Wholesale Inflation Just Hit Hard. What It Means for Businesses and Consumers.
Producer prices just sent a much louder alarm than most expected. The Producer Price Index rose 1.4% for the month, well above the 0.5% consensus forecast and the upwardly revised 0.7% March increase, marking the largest monthly gain since March 2022. On an annual basis, the picture is even more concerning.
On an annual basis, PPI increased to 6% in April from 4% in March, well exceeding economists' expectations. This is the biggest year-over-year increase since December 2022, and it signals that wholesale inflation pressures are accelerating across the economy. But here's the critical part: it's not just about energy anymore.
While energy accounted for a 7.8% jump in final demand energy, with a 15.6% surge in gasoline accounting for more than 40% of the goods increase, the services index accelerated 1.2%, the biggest monthly gain since March 2022. Two-thirds of the services move was attributed to a 2.7% rise in trade services, suggesting that tariff costs could be starting to have a larger impact on prices.

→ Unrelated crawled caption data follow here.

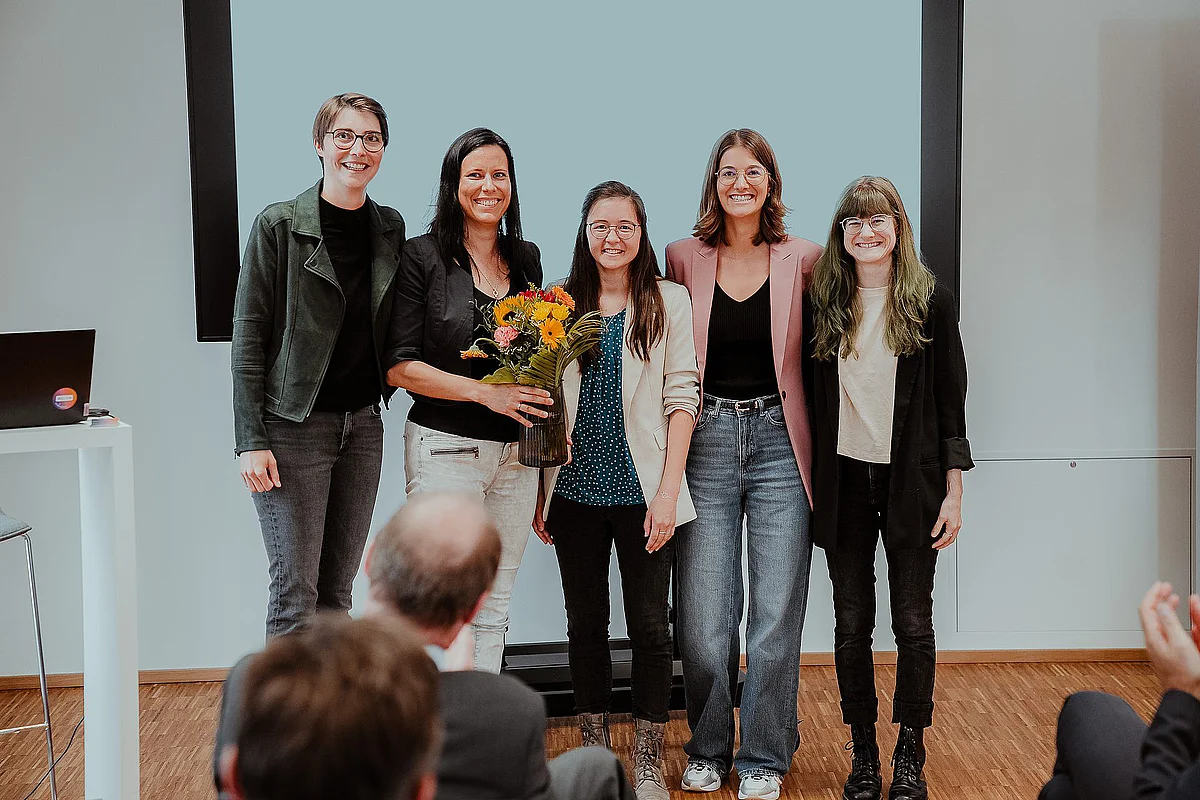 Dr. Birgit Stelzer (zweite von links) hat den Entrepreneurs Campus der Uni Ulm aufgebaut. Sie wurde bei der Veranstaltung offiziell von ihrem Team verabschiedet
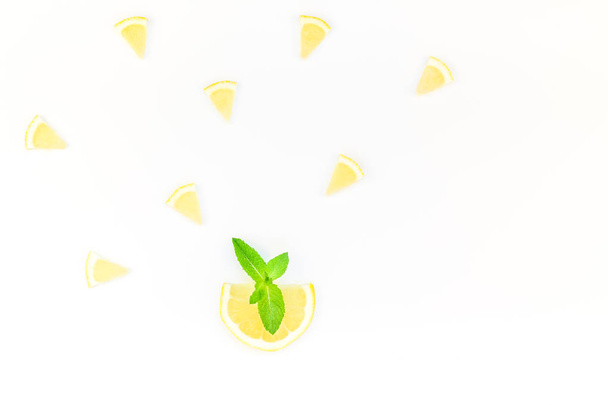 Kreativní flatlay režijní top citrus citronové řezy zobrazit a máta byliny listů tabulky bílé pozadí s copyspace. Horké letní osvěžení limonádu koncept. Nápojové ingredience uspořádány - Fotografie, Obrázek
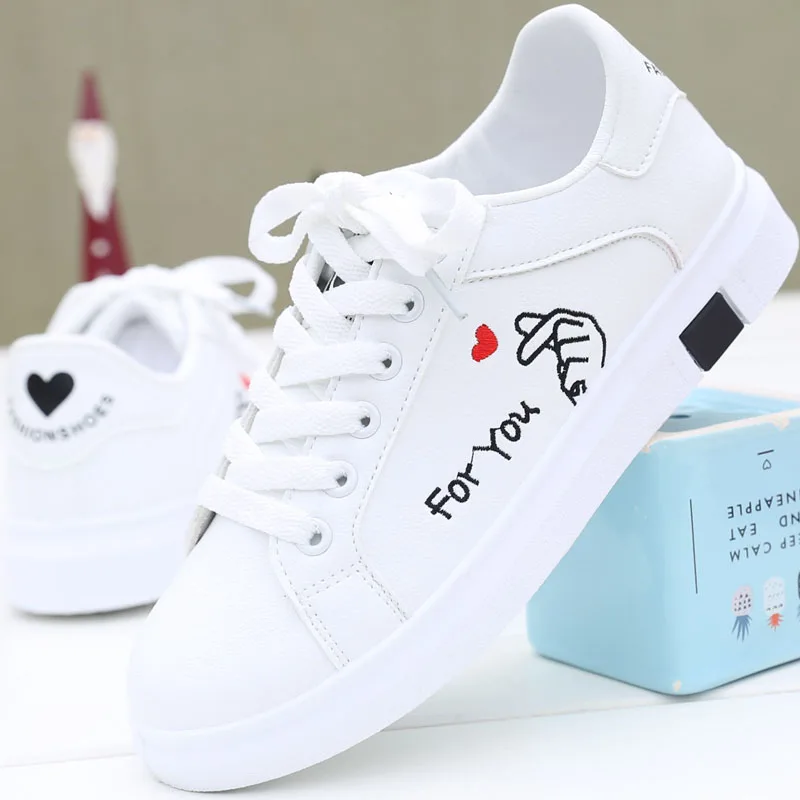 

2018 new white shoes Korean version plus velvet wild student comfort.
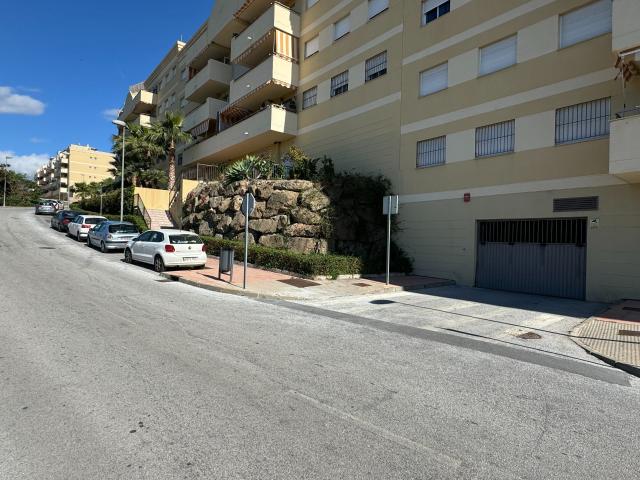 Garaje en venta en Torrox, El Peñoncillo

The bottom line: businesses are facing cost increases they can't easily absorb. Following Wednesday's PPI release, economists upped their expectations for consumer prices in May, anticipating that wholesale inflation pressures will filter through more quickly to the consumer level. Treasury yields initially surged, with the 10-year hitting 4.49% before easing back to around 4.46%.
This is stagflation in real time. Higher input costs, sticky inflation, and policy uncertainty are a challenging mix for anyone trying to plan capital expenditures or pricing strategy.